**Work task**
From the entries underneath, give the number of lines holding the word "would", without any other words.

**Dataset excerpts**
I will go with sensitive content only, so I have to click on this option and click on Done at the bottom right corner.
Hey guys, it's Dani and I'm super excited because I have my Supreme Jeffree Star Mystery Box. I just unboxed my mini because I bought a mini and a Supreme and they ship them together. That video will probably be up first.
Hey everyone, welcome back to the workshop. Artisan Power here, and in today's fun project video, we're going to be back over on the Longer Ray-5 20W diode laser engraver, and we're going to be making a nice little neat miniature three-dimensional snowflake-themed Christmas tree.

---

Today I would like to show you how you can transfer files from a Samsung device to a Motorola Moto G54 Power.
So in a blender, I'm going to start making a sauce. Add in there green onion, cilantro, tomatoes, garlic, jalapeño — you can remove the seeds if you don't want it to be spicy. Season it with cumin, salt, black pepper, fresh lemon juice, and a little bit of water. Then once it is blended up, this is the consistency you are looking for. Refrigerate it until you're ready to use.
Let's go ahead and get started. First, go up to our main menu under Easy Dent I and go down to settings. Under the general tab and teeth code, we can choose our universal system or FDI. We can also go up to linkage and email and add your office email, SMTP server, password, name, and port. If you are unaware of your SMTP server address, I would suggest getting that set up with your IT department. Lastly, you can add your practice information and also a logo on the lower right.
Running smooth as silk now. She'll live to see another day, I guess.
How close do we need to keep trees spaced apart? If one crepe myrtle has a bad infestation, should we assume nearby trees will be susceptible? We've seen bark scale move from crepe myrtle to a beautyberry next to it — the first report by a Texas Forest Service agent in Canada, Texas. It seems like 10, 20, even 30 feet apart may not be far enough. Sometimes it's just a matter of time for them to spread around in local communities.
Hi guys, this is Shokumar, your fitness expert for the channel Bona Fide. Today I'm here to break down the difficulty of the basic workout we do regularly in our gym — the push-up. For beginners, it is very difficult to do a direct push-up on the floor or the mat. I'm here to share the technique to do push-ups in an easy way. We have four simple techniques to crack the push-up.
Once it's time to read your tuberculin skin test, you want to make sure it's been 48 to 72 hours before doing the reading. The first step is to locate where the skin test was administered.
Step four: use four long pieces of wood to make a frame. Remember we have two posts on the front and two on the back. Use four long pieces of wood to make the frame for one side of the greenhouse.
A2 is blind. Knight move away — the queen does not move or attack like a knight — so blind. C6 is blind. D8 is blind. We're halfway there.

**Answer space**
2